Return, with both end lines included, exactly what the data below holds from the line with "Powermaster 1000W 12V" through the line with "Fuel Pump Plug", though not the pictures.

■ **AVAILABLE RECORDS**:
::::
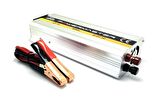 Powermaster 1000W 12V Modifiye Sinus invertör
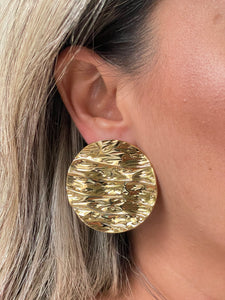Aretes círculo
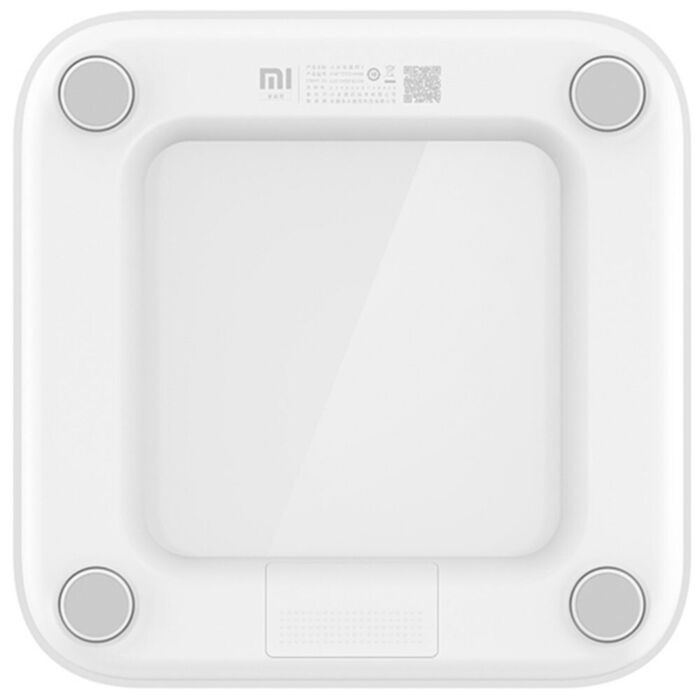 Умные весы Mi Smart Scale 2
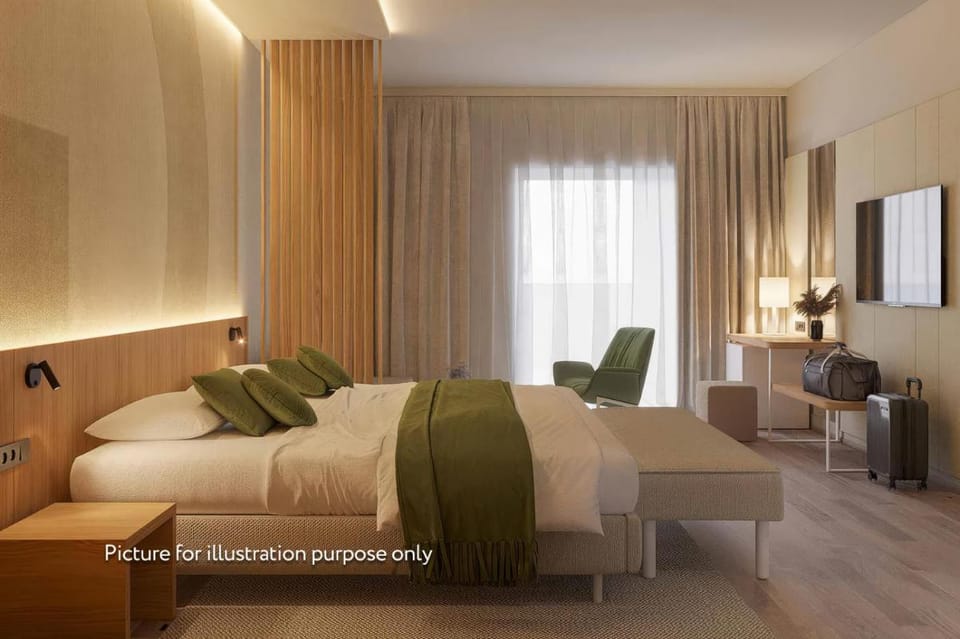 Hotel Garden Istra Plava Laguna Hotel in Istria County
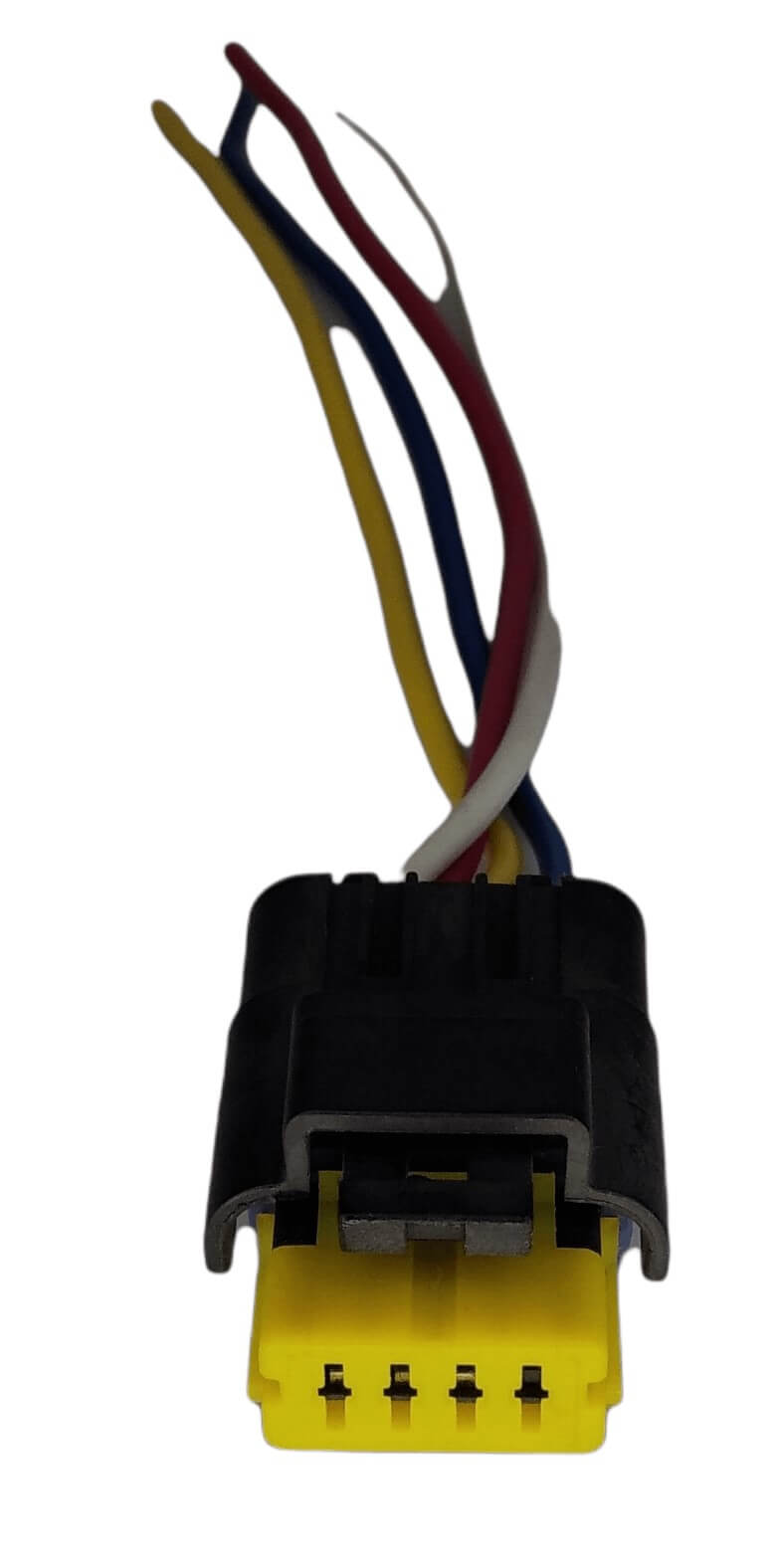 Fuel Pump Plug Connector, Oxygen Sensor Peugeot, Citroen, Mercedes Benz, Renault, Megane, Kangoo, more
::::
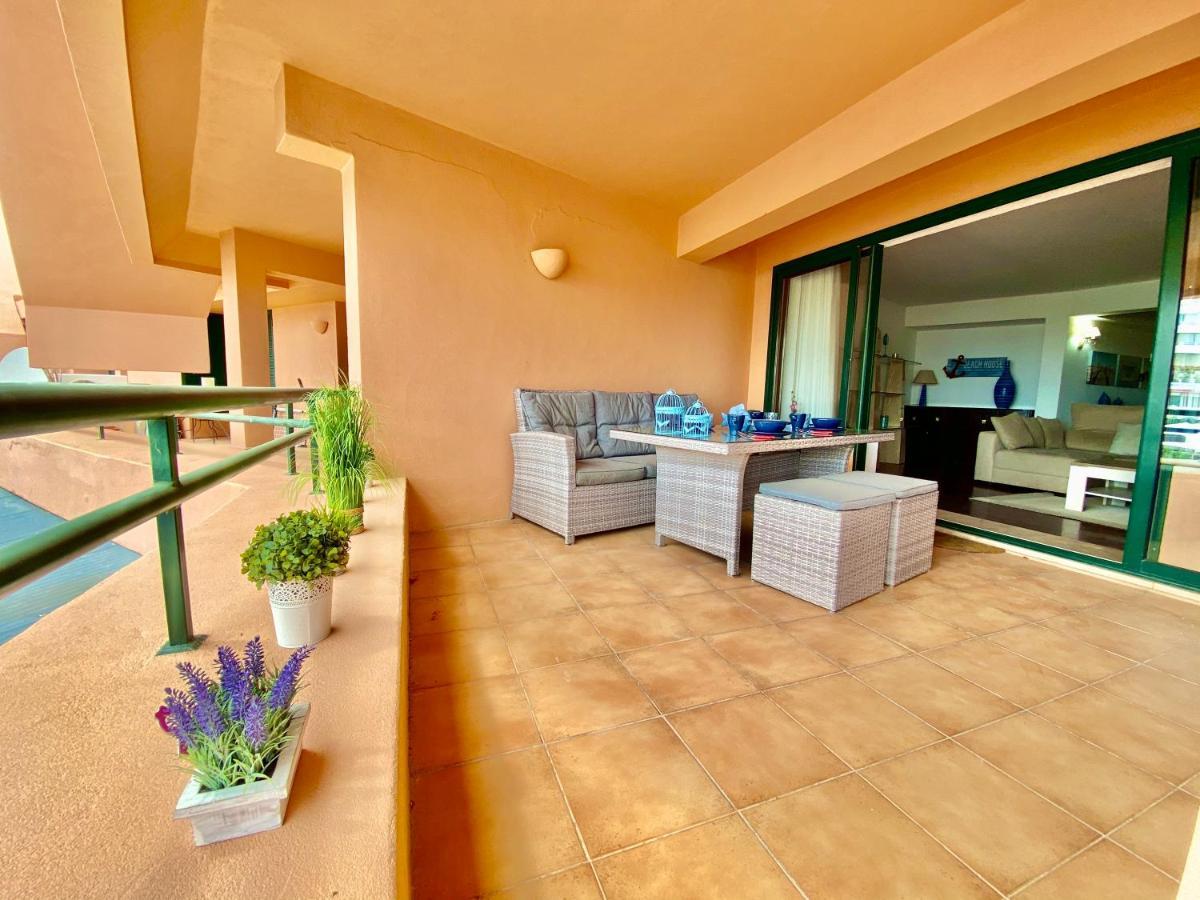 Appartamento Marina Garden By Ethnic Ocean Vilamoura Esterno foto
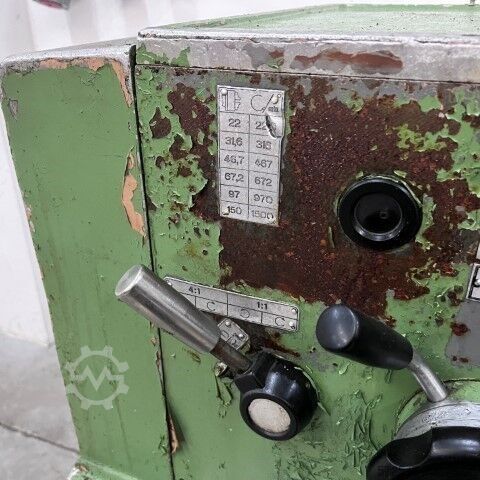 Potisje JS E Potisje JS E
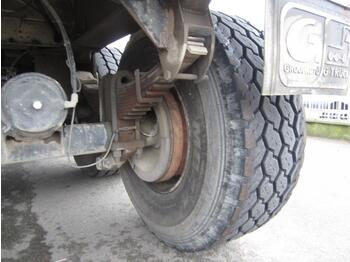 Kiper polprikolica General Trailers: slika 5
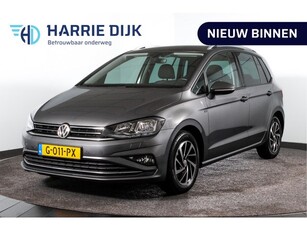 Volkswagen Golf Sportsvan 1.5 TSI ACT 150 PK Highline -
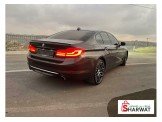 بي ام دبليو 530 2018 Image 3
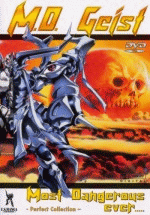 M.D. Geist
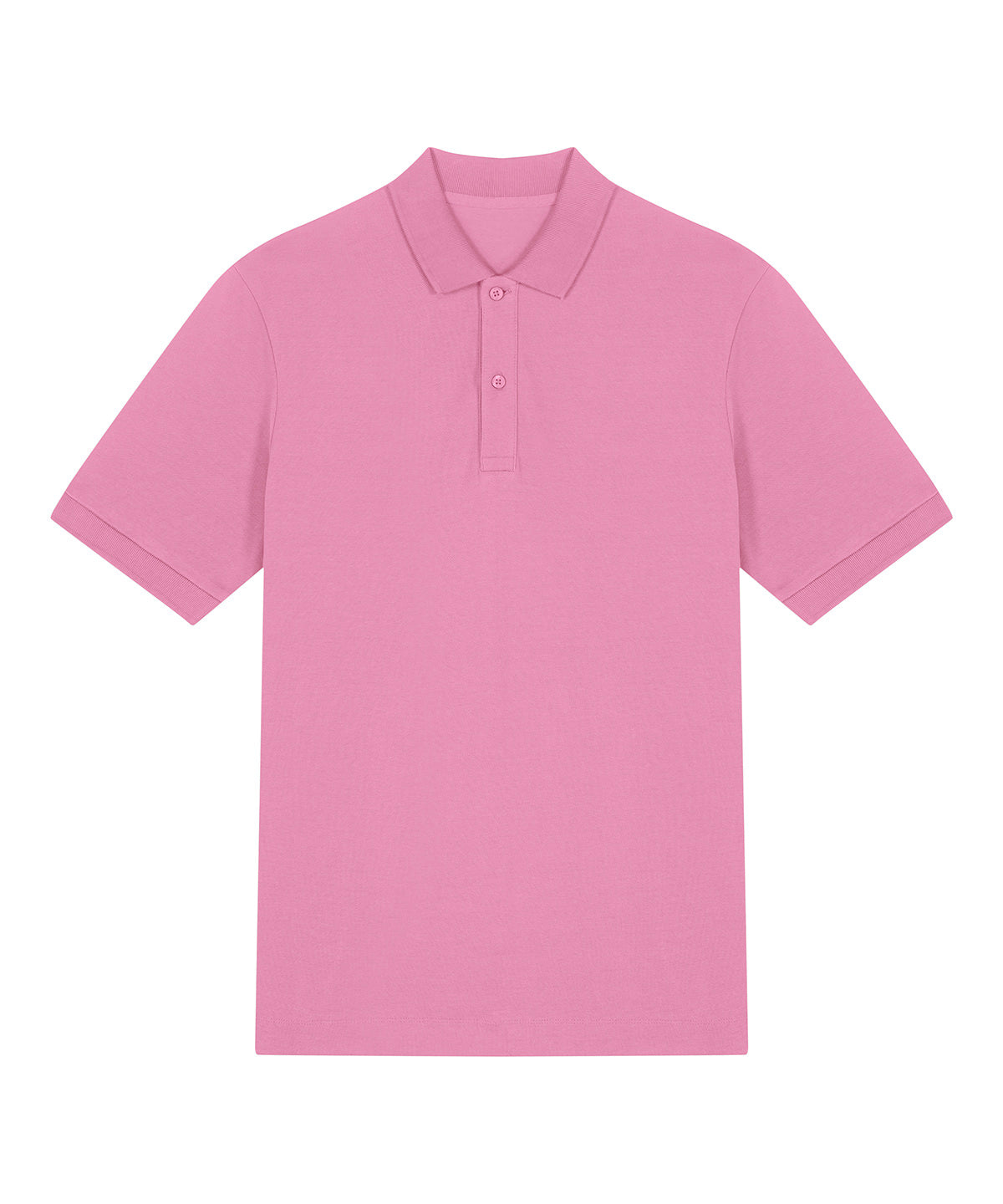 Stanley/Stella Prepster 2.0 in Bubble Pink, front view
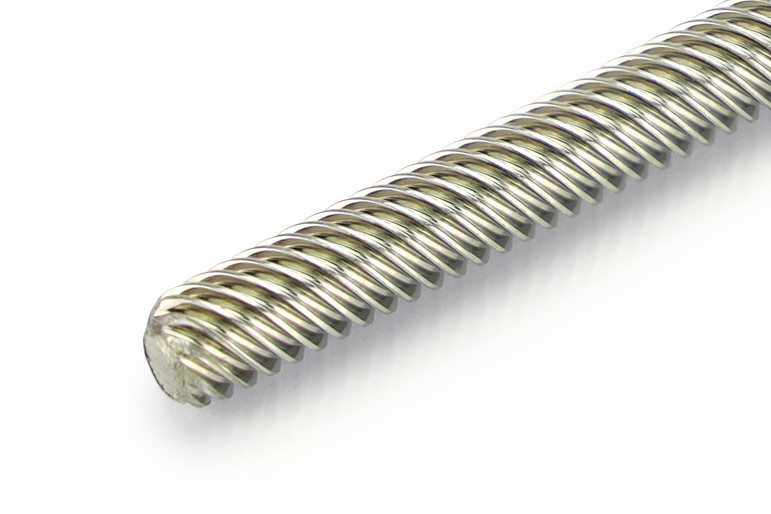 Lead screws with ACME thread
::::
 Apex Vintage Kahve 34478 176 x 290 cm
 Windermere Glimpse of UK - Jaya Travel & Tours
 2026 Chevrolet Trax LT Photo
::::
■ **YOUR SOLUTION**:
 Powermaster 1000W 12V Modifiye Sinus invertör
Aretes círculo
 Умные весы Mi Smart Scale 2
 Hotel Garden Istra Plava Laguna Hotel in Istria County
 Fuel Pump Plug Connector, Oxygen Sensor Peugeot, Citroen, Mercedes Benz, Renault, Megane, Kangoo, more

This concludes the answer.